On the particular facts, the Court examines whether the appellants adequately placed their cards on the table. It notes that Mr. Sweeney’s affidavit provided little quantification of costs actually incurred during the period of delay, and no clear averment that the proceedings would have been discontinued had security been sought promptly. The Court identifies this evidential gap as significant, applying the principle — confirmed in Quinn Insurance Ltd v PricewaterhouseCoopers [2021] IESC 15 and Protégé International (Cyprus) Ltd v Irish Distillers Ltd [2021] IESC 16 — that a party who fails to put its full case on affidavit risks an adverse outcome.
Key Takeaways
- Delay is a well-established special circumstance capable of defeating a security-for-costs application, even where the two statutory preconditions (prima facie defence and plaintiff’s inability to pay) are met; the jurisdiction remains discretionary and requires a careful balancing of justice.
- The period of delay runs from when the defendant first unambiguously demanded or threatened to seek security — not from the date the defence was filed — so defendants cannot narrow the calculation by deferring their pleading.
- The Supreme Court favours the Moorview rationale over the narrower Werdna reading: the key question is whether the plaintiff had the opportunity to make a fully informed decision about continuing to incur costs, not whether it can prove it would have discontinued proceedings if security had been ordered earlier.
- Prejudice or detriment caused by the delay is a significant, but not always indispensable, factor; the court must weigh all relevant circumstances, and culpable delay of exceptional length may of itself suffice in appropriate cases.

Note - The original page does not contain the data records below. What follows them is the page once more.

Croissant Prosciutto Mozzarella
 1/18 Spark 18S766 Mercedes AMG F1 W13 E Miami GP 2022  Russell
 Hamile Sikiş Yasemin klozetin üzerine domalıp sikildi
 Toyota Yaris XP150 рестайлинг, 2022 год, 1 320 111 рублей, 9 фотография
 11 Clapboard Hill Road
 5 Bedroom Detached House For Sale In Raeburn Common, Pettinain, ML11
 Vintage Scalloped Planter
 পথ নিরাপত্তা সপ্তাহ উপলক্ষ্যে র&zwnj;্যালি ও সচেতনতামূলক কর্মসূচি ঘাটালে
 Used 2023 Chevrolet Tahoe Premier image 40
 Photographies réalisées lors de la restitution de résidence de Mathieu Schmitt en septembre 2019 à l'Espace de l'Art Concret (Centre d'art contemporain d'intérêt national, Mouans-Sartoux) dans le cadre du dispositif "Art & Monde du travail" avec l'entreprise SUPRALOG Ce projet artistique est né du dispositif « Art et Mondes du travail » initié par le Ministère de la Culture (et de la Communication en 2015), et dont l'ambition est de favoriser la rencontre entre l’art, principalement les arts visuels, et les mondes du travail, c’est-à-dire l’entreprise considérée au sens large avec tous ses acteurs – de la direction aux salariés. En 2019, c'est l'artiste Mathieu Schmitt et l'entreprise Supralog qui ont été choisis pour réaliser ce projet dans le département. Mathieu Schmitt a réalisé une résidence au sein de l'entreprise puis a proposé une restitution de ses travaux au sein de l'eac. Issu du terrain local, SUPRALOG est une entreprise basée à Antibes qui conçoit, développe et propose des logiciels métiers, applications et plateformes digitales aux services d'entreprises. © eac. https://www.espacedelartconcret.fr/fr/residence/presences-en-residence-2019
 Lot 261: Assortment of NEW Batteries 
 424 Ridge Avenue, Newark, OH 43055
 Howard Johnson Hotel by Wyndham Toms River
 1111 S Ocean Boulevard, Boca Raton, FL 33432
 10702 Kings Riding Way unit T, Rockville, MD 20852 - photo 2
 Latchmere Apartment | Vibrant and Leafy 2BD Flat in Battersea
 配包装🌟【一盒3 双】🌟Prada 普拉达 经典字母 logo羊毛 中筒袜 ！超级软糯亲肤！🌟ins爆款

- Plaintiffs relying on delay as a special circumstance must nonetheless put substantive evidence before the court: unquantified assertions of costs incurred, without engaging with the appellants’ own contribution to delay, are unlikely to discharge the burden.
Why It Matters
This decision provides authoritative Supreme Court guidance on a procedural mechanism that can effectively terminate corporate litigation. By clarifying that the delay clock runs from the first demand for security, the Court closes an asymmetry that allowed defendants to threaten applications early, defer them indefinitely, and then rely on a truncated timetable when finally moving. Practitioners advising defendant companies must now appreciate that an early threat — even if not followed through — will anchor the calculation of culpable delay years later.
More broadly, the judgment’s endorsement of the Moorview “fully informed decision” standard over the stricter Werdna proof-of-cessation test is significant for plaintiffs defending security applications: it recognises that a plaintiff is entitled to know early whether it must put up security, and that being deprived of that knowledge is itself a form of prejudice cognisable under the balancing exercise. At the same time, the Court’s insistence that plaintiffs must place adequate evidential detail before the court — quantifying costs incurred and engaging honestly with their own contribution to any delay — underscores that the doctrine is not a free pass for inadequately pleaded opposition.